Drug Resistance Interpretations are defined as follows:
-Not Determined indicates incomplete sequence coverage across a given gene or genes.
-Susceptible indicates no drug resistance mutations (DRMs) were detected.
-Potential Low-Level Resistance indicates the presence of DRMs that suggest prior antiretroviral (ARV) exposure or are associated with resistance only when they occur alongside other DRMs.
-Low-Level Resistance indicates the presence of DRMs that are associated with reduced in vitro ARV susceptibility or a suboptimal virological response to ARV treatment.
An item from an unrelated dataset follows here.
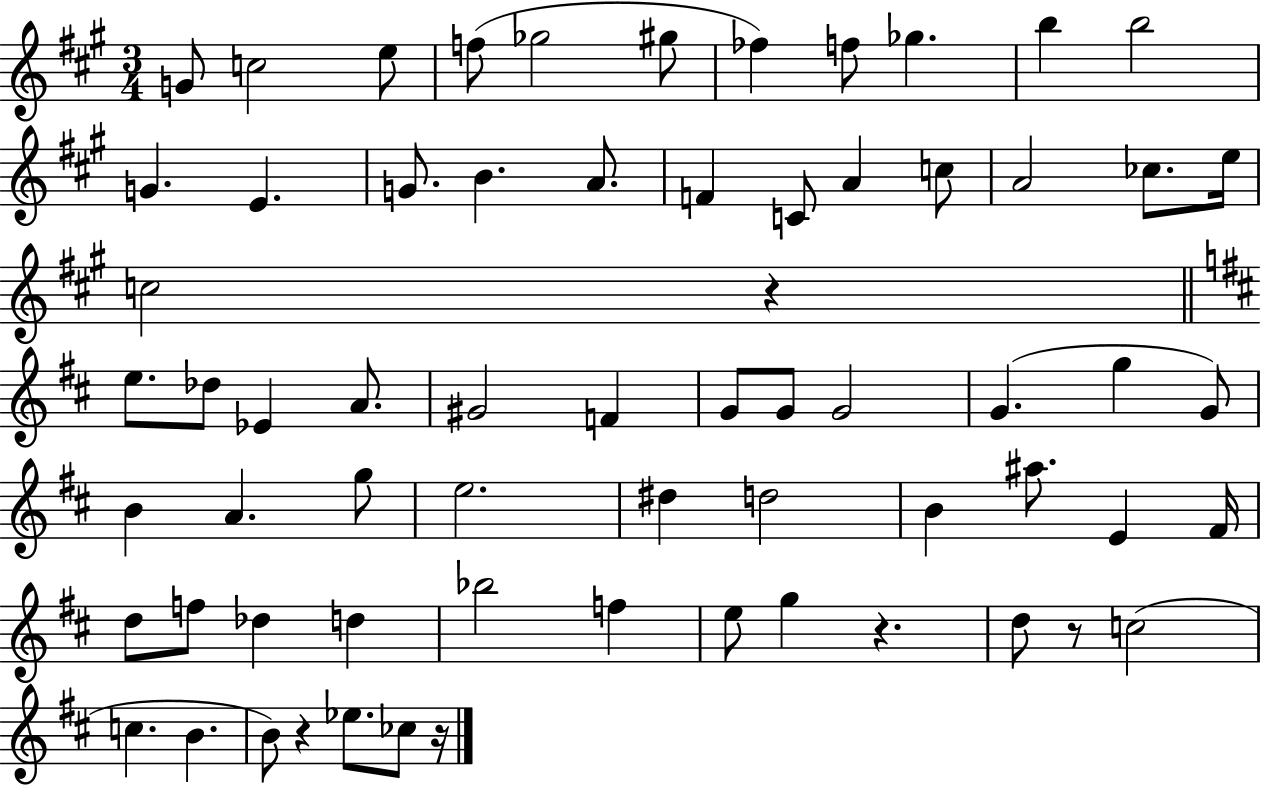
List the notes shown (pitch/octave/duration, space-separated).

G4/e C5/h E5/e F5/e Gb5/h G#5/e FES5/q F5/e Gb5/q. B5/q B5/h G4/q. E4/q. G4/e. B4/q. A4/e. F4/q C4/e A4/q C5/e A4/h CES5/e. E5/s C5/h R/q E5/e. Db5/e Eb4/q A4/e. G#4/h F4/q G4/e G4/e G4/h G4/q. G5/q G4/e B4/q A4/q. G5/e E5/h. D#5/q D5/h B4/q A#5/e. E4/q F#4/s D5/e F5/e Db5/q D5/q Bb5/h F5/q E5/e G5/q R/q. D5/e R/e C5/h C5/q. B4/q. B4/e R/q Eb5/e. CES5/e R/s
-Intermediate Resistance indicates that while there is a high likelihood of reduced ARV activity due to the virus's DRMs, the ARV is still expected to retain significant antiviral activity.
-High-Level Resistance indicates the presence of DRMs predicted to confer a level of resistance similar to that seen in viruses with the highest levels of reduced in vitro susceptibility or those with little to no virological response to ARV treatment.
Mutations are classified as follows:
-Drug Resistance Mutations reduce susceptibility of specific drug classes whether found in isolation or in combination with other drugs.
-Accessory Mutations reduce susceptibility of specific drug classes only when found in combination with drug resistance mutations.
-Additional mutations have cleared or approved by the US Food and Drug Administration associated with drug resistance.
-Uncalled mutation sites are known locations of drug resistance mutations that have an inadequate number of sequencing reads to accurately determine if mutations are present.